Reviving the "hybrid keyword-arrow syntax" for callables

tmk · May 3, 2024, 11:31am

One reason for why PEP 677 was rejected, was that the syntax required backtracking in the parser. The SC recommended:

When proposing a syntax change, low complexity is better. While not always possible, it’s ideal if it could still be described using our old <=3.8 parser. It is important to have in mind that adding syntax that only our modern PEG parser can handle could lead to greater cognitive load and external tooling implementation costs.

This was the proposed syntax:

def flat_map(
    func: (int) -> list[int],
    l: list[int]
) -> list[int]:
    out = []
    for element in l:
        out.extend(f(element))
    return out

But the PEP also mentions another syntax in the Rejected alternatives: Hybrid keyword-arrow Syntax:

def flat_map(
    func: def (int) -> list[int],
    l: list[int]
) -> list[int]: ...

i.e., def is added as a keyword introducing the callable.

I think this would be parsable with the old parser (def is now allowed at the beginning of any expression but will throw an error if not followed by ().

This should also be allowed:

type StrTransform = def (str) -> str

Returning a callable:

def f() -> def (int, str) -> bool:
    pass

I admit this looks a bit confusing at first, but I think you’d get used to it quickly. (I think it’s less confusing than the original PEP 677, actually.)

The main objection in the PEP was this:

But we think this might confuse readers into thinking def (A, B) -> C is a lambda, particularly because Javascript’s function keyword is used in both named and anonymous functions.

I agree that this is may be a problem, but it should help that this syntax will only appear in type annotations, so it should be clear from context that it’s not a lambda.

Generally, I’d expect someone who knows Python but doesn’t use type annotations to understand this:

def flat_map(
    func: def (int) -> list[int],
    l: list[int]
) -> list[int]: ...

much easier than this:

def flat_map(
    func: Callable[[int], list[int]],
    l: list[int]
) -> list[int]: ...

All the other advantages of PEP 677 remain, like the nicer Concatenate syntax:

f5: def (int, **P) -> bool
f5: Callable[Concatenate[int, P], bool]

franklinvp · May 3, 2024, 1:36pm

I could be wrong in interpreting def as indicating that a function is about to be defined. This would change that meaning for me.

Isn’t there type, indicating that a type is about to be defined?

guido · May 3, 2024, 3:41pm

I’m all for reviving PEP 677, but I don’t believe there’s still a need to make it parseable with old non-backtracking parsers. IIRC the key objection was that there didn’t seem to be a useful run-time interpretation of using signatures as values, like

callback = (int, int) -> None

(If I’m wrong, and there are still tools out there that couldn’t handle this but can handle all other Python 3.13 syntax, I’d like to know.)

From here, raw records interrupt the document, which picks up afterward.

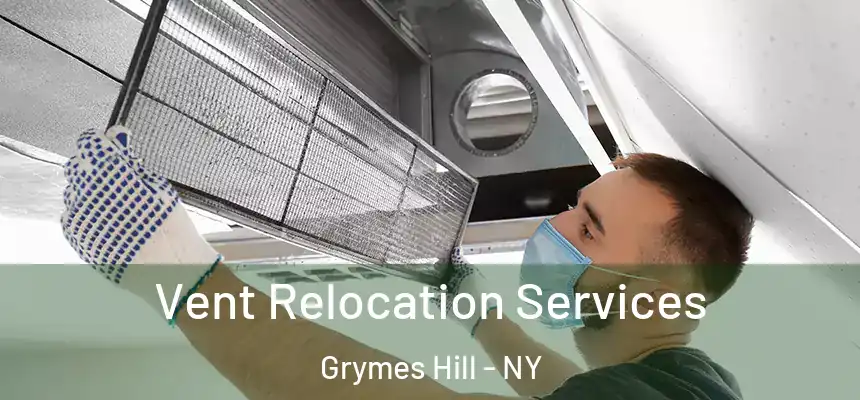 Vent Relocation Services Grymes Hill - NY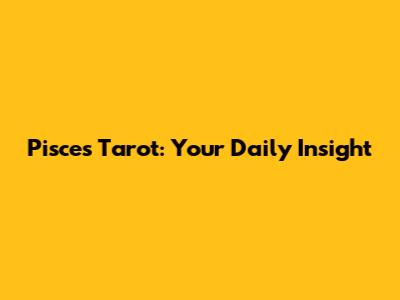 Pisces Tarot: Your Daily Insight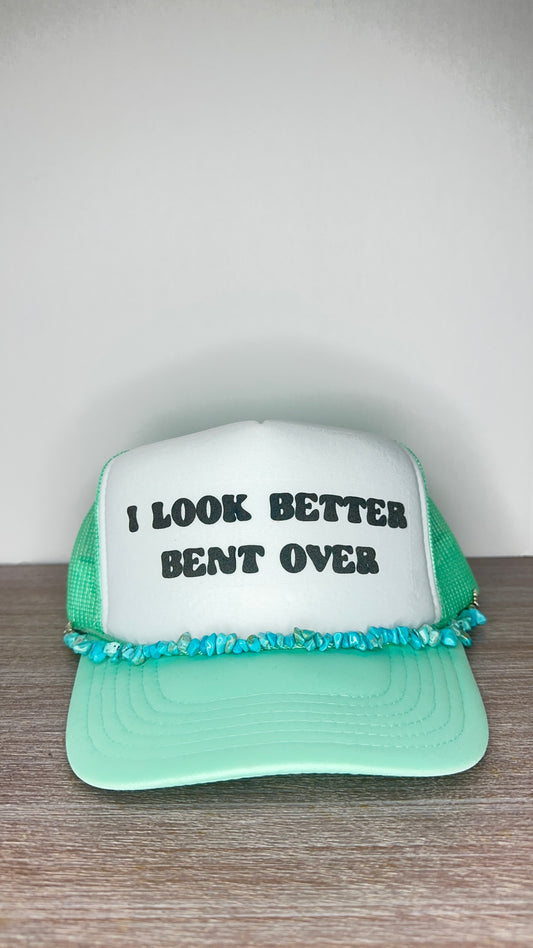 I Look Better Bent Over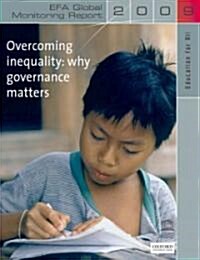 Education for All Global Monitoring Report 2009 : Overcoming Inequality- Why Governance Matters (Paperback)
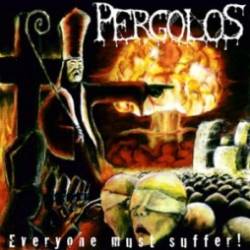Pergolos : Everyone Must Suffer!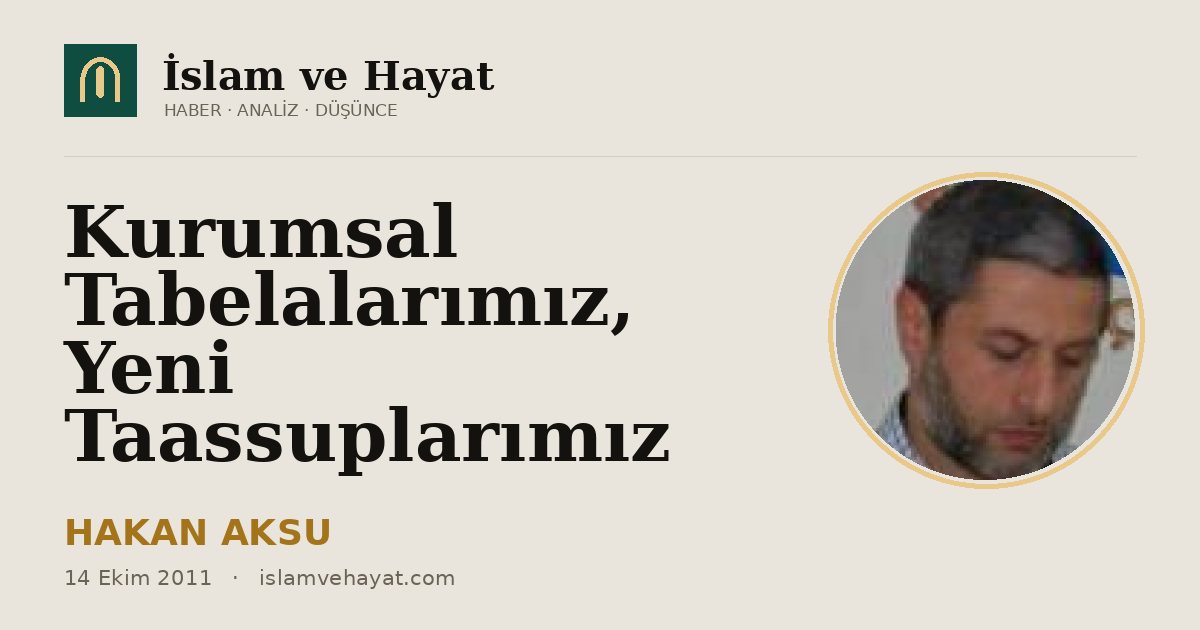 Kurumsal Tabelalarımız, Yeni Taassuplarımız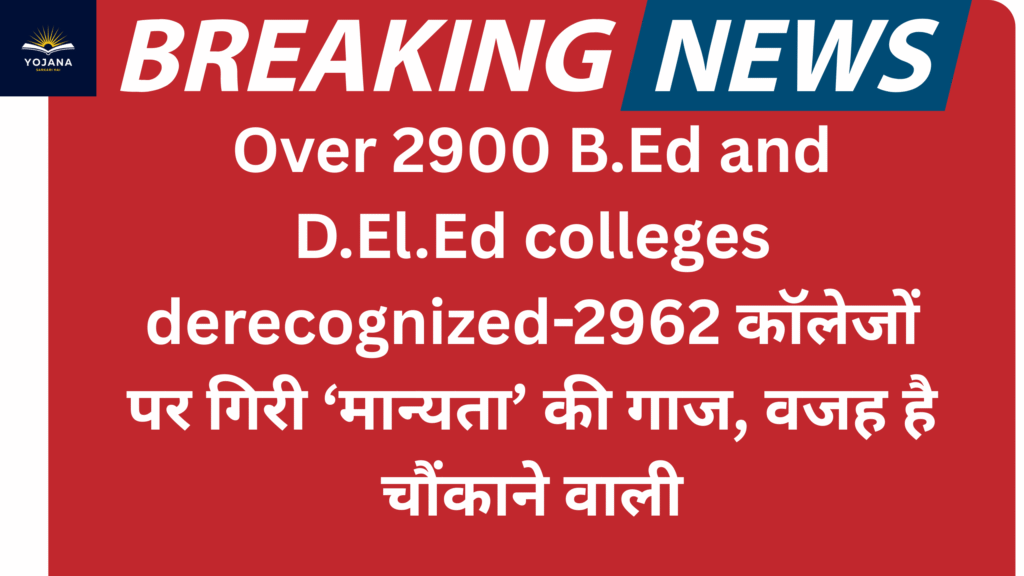 Over 2900 B.Ed and D.El.Ed colleges derecognized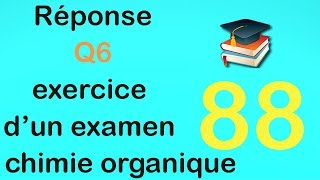 88Réponse Q6 exercice dun examen de chimie organique [upl. by Yesmar]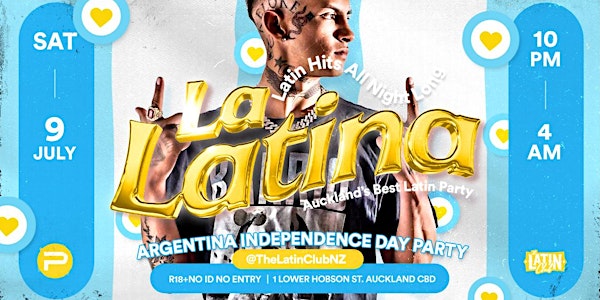 La Latina! by The Latin Club | 9 July *Argentina Independence Edition*
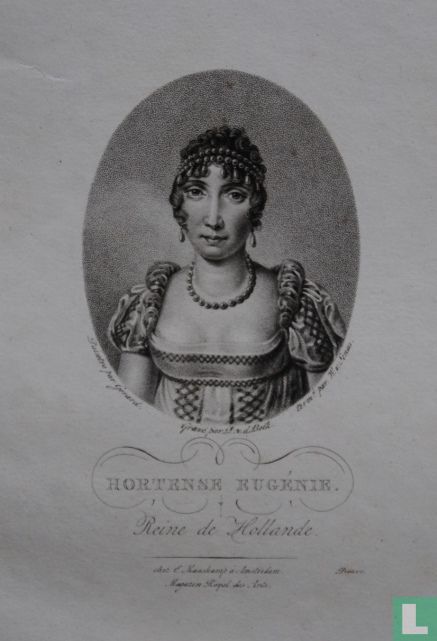 HORTENSE EUGÉNIE. Reine de Hollande.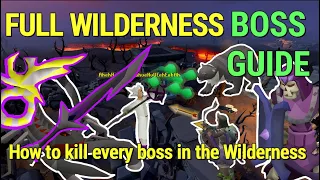 OSRS FULL Wilderness Boss Guide | How to kill every boss in the wilderness | Beginner friendly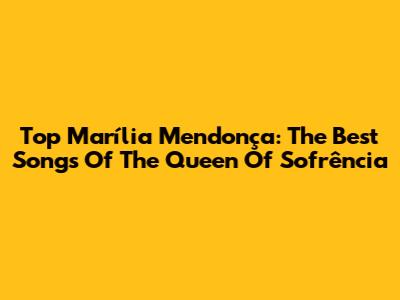 Top Marília Mendonça: The Best Songs Of The Queen Of Sofrência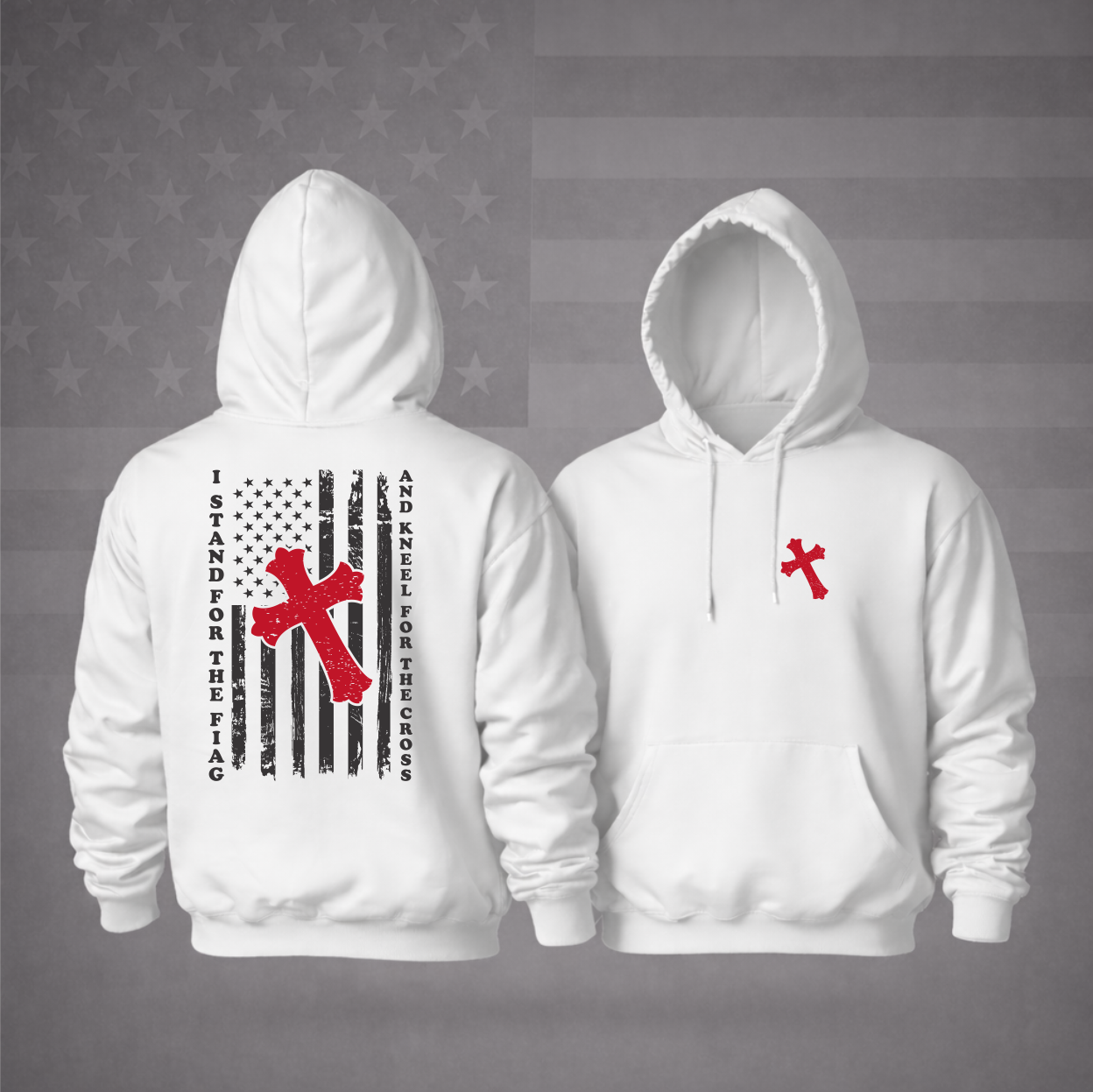 “I Stand for the Flag and Kneel for the Cross” Patriotic Hooded Sweatshirt – Faith, Freedom & Premium Comfort Hoodie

Nineteendo · May 4, 2024, 9:14am

How about the Extended Syntax Supporting Named and Optional Arguments?

These functions have the same signature as the names of positional-only arguments don’t matter:

def foo(x, /): ...
def bar(y, /): ...

That makes named positional-only arguments in the arrow notation pointless, so we can assume they’re positional_or_keyword or keyword_only. If desired, you could still use the notation of Mypy:

Function = (__x: int) -> Any

tmk · May 4, 2024, 12:21pm

Sure, all the proposed syntaxes are forward-compatible with that. But it maybe should be done in a second step.

Nineteendo · May 11, 2024, 8:41am

Could you clarify what you mean? It’s not in the rejection notice.

stroxler · May 11, 2024, 2:53pm

It was at least a concern - adding syntax to types means adding syntax to expressions, which can appear anywhere so it’s a pretty big shift in the language (PEP 695 is a good example of a major syntax change that’s much less invasive: the new syntax all happens in statement so the effects are very limited, and in fact all of the statements with new syntax are explicitly typing-related ones like class/function signatures and type declarations).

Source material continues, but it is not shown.